Written by Nikita Upadhyay | Nikita Upadhyay | Mumbai | Updated: Jun 7 2012, 07:31am hrs
The Baltic Dry Index (BDI), a direct indicator of the health of the shipping sector, has fallen almost 65% in a year to 904 units from 1,484 units on June 6, indicating that turbulent times in the business are far from over.

A slump in BDI directly correlates to a decline in time charter rates of shipping companies. However, this is not the lowest in the June 2011 to June 2012 period. The lowest figures were reported on February 3, at 647 units.

There is a supply glut and rates have plunged to $6000-$8000 a day from their peak in 2008, said K Ravichandran, senior vice-president & co-head, corporate ratings, Icra. Smaller shipping companies are finding it difficult to survive as with the current charter rates, they are finding it difficult to cover their operating expenses and service interest costs.

Analysts say, worldwide, shipping companies' order book totals 165 million tonne dead weight tonnage, the maximum permissible weight that a ship can carry safely. Of this, 100 million is due for delivery in 2012 and the rest in 2013.

There are more difficult times ahead. India will contribute 2-3% to the global fleet on order, said an analyst with a domestic brokerage, not wishing to be quoted. Shipping Corporation of India or SCI, the largest public sector shipping company, has taken delivery of 8 new Supramax vessels. Supramaxes are typically 50,000-60,000 dead weight tonnage.

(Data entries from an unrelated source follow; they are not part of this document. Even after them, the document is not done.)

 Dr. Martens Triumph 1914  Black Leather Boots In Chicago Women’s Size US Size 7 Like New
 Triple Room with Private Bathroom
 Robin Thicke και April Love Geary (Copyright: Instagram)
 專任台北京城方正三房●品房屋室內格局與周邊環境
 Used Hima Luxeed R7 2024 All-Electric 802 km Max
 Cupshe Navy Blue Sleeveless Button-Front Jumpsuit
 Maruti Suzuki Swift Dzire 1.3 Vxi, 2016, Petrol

Another four panamaxes are on order, of which one is scheduled for delivery next month, said Sunil Thapar, director bulk & tankers, SCI. Market sentiments are grim. SCI is known for its shipyard to scrapyard strategy. So, we are confident that whatever tonnage we have and will be adding, we will be able to reap benefit out of them and survive these tough market conditions.

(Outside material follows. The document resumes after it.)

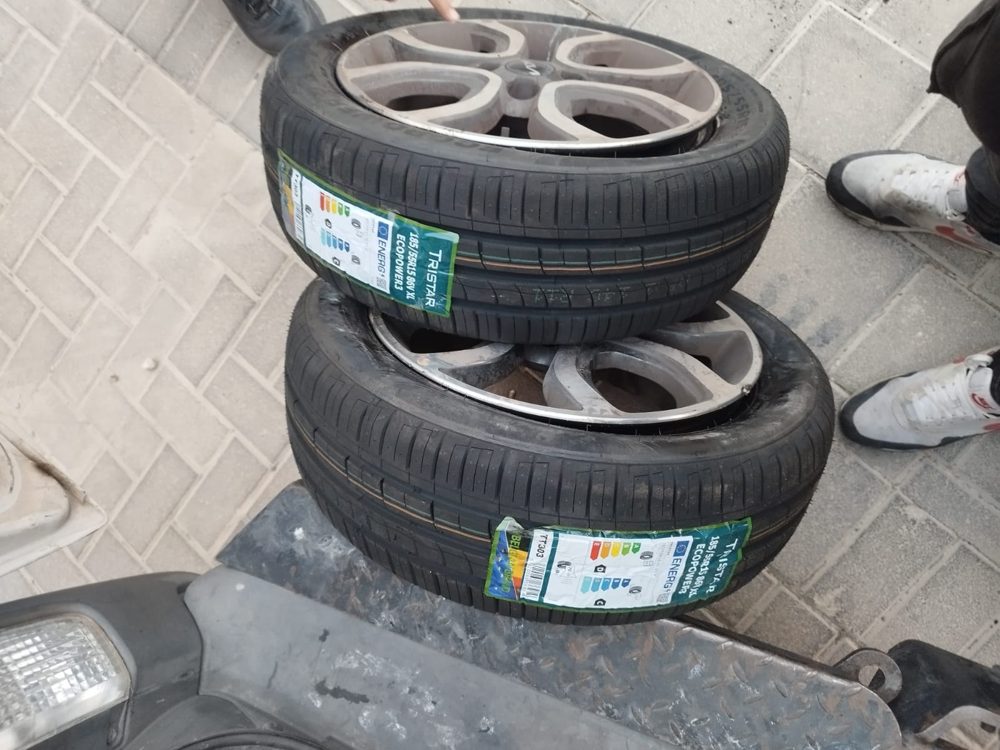 צמיגים חדשים לפני הרכבה ליד הרכב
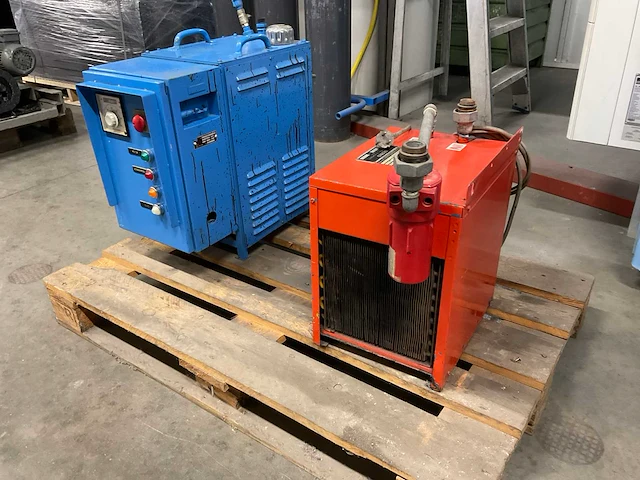 Hennecke hk 5,5 pu hoge druk schuim installatie - afbeelding 9 van  9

Another reason for BDI slippage is the slowdown in iron ore exports from India and China being slow on importing due to its heavy inventory. Shipping companies are struggling to de-leverage, said a consultant with a foreign shipping consultancy. Companies must diversify their business into different segments like offshore, convert rupee loans to dollar, sell old vessels to generate cash and cancel vessel delivery orders.

Shares of listed shipping companies SCI, GE Shipping, Mercator and Essar Shipping closed higher on the BSE on Wednesday from Tuesday's close, on a day the benchmark Sensex rose 1.71% on hopes of a rate cut later this month by the RBI; SCI was up 4% to R51.75, GE Shipping was up 1.55% to R238.7, Mercator closed at R17.6, up 2.33%, and Essar Shipping at R28.4, up 6%.

However, hope floats. Global seaborne commodity movement is expected to improve as a result of increased imports into Asia, GE Shipping said in a release while announcing its fiscal 2012 results in May. But a slowdown in China or prolonged recession in Europe could possibly result in downward revision of this demand, which can have a large negative impact on freight rates.